B2C enterprise deployment topology
Figure 1-1: Typical PMF topology

The PMF topology is based on the following principles:

  • PMF is installed in the organization LAN, connecting to various enterprise back-end systems.
  • PMF can be clustered for high availability and scalability.
  • The database is used for storing administration and configuration data, push notifications, registered clients data, and the security context of the clients. A single instance of the database is shared by the PMF runtime environment in all PMF cluster nodes. It is possible to cluster the database by using the tools and methods that are provided by the database vendor.
  • PMF is installed behind a web authentication infrastructure, which acts as a reverse proxy and provides SSL.
  • The database server and the PMF must be installed on separate host machines.

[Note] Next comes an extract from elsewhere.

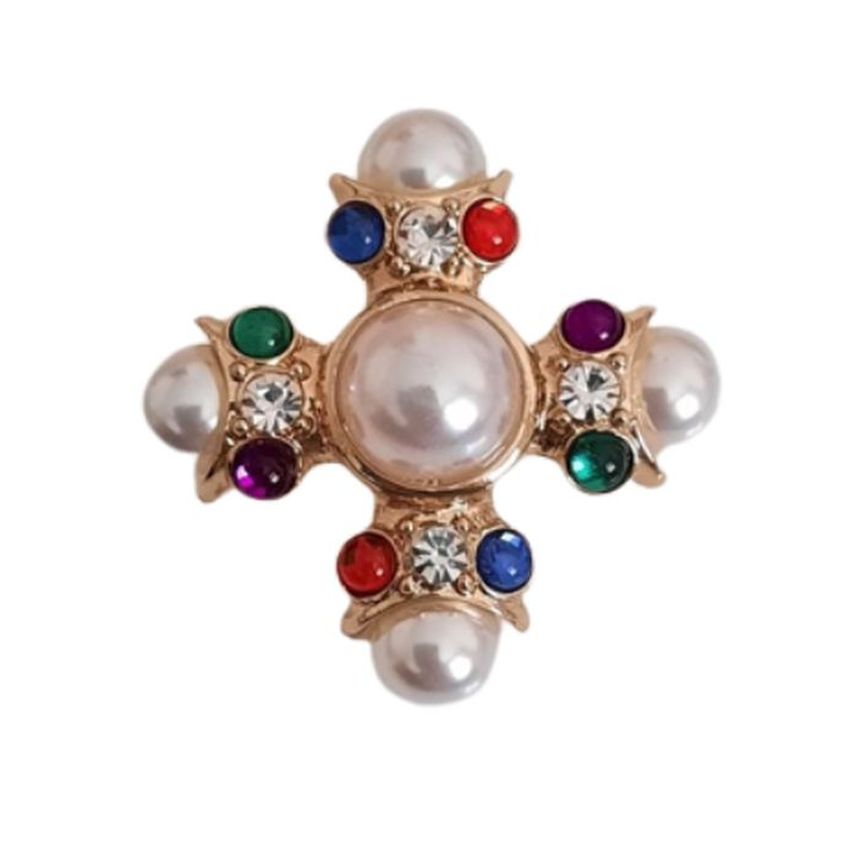 Large Pearl And Diamante Brooch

Topologies can vary depending on the corporate network architecture, disaster recovery, different back-end systems, and so on.

Scalability Tests

PMF conducted a series of scalability tests before releasing PMF. The following table contains a short summary of the tests performed.

Tests
# Test Goal
1 Single user performance test This test creates a performance baseline for future tests from a typical user scenario.
2 Basic stability This test checks the basic stability and endurance of the server under some load. No crashes, memory leaks, or errors for 12 hours.
3 Regression from former version This test verifies that the system performs at least as well as the former version.
4 Multiple user performance test This test checks the performance of a typical user scenario under typical load.
5 Scalability tests This test proves that Persistent Mobile Foundation can linearly scale to multiple servers under a single database.
6 Endurance testing This test proves that the server can stay up without memory leaks for a duration of 72 hours under a typical load scenario.
7 Stress testing This test increases the load until the server reaches 100% CPU and starts failing. Reduce the load and see that the server is recovering.
8 Recoverability This test stops various components of the PMF solution (internet, database, and back end). It starts components again and ensures that the server recovered.

Test Flow

The test, which is run repeatedly, involves the following actions:

  1. A typical banking application is simulated. It logs in, makes multiple calls for account list and transaction lists, and then logs out.
  2. The PMF application server uses an HTTP adapter to call a simulated back end.
  3. The back end is called via HTTP and returns with a predefined response.

Hardware

The following hardware was used for PMF application server:

  • x3250 M4, Xeon 4C E3-1220v2 69W 3.1GHz/1600MHz/8MB Note: With the specified number of cores, PMF performs thousands of transactions per second. If your throughput is low, you can use fewer cores than the specified number.
  • 32 GB 1333 MHz Note: Not all RAM was used. Use the accompanying calculator to compute required RAM.
  • NetExtreme II BCM5790 Gigabit Ethernet
  • 2 X 500 3.5in SATA, SR C100

The following hardware was used during testing for the PMF relational database:

  • 2 Intel Xeon 8C 2.3 GHz/20 MB
  • 20 GB DDR3 RAM
  • 6-7 500 GB 7.2 Krpm SATA disks
  • 1 RAID 5 controller

PMF Client:

  • Simulated by twenty virtual machines that run multiple client threads. Running Ubuntu 10.04 64-Bit 4 GB RAM.
  • The client load is achieved with Apache jMeter, an open source server performance testing tool by Apache.

Test Results

Throughput was measured at 2,000 requests per second per server with an average CPU usage of 70%.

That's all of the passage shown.